Market Risk vs Technical Risk -- the VC industry

Absolutely outstanding piece on the history of the venture capital industry. The whole thing is worth reading just for the quotes across the decades, but I'll post the final two paragraphs here:
Saying VCs used to take high technical risk and now take high market risk is both an overly optimistic view of the past–the mythical golden age of heroic VCs championing the development of new technologies–and an overly optimistic view of the present–gutsy VCs funding radical innovations that create entirely new markets. Neither of these things is true. VCs have never funded technical risk and they are not now funding market risk. The VC community is purposely avoiding risk because we think we can make good returns without taking it. The lesson of the 1980s is that no matter how appealing this fantasy is, it’s still a fantasy.

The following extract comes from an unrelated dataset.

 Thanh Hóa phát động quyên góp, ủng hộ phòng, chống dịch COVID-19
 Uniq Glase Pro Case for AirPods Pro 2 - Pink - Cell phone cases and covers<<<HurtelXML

People in the VC industry talk about the ’60s, when institutional venture capital took off. They talk about the ’70s, when iconic companies like Apple and Genentech were founded and the microcomputer industry emerged. They talk about the ’90s and the Internet bubble. They don’t talk about the ’80s; the ’80s are the missing piece of the puzzle. You can have lots of plausible theories about what venture capitalists as a class can do to get good returns, until you take the 1980s into account. Then you can only have one: the only thing VCs can control that will improve their outcomes is having enough guts to bet on markets that don’t yet exist. Everything else is noise.
The 1990s are not our map, the 1980s are. Don’t worry about irrational exuberance fueling a bubble, that is not what is happening. Worry about fear of risk. We know where that leads: once again straight into the ditch.
What's creating new markets?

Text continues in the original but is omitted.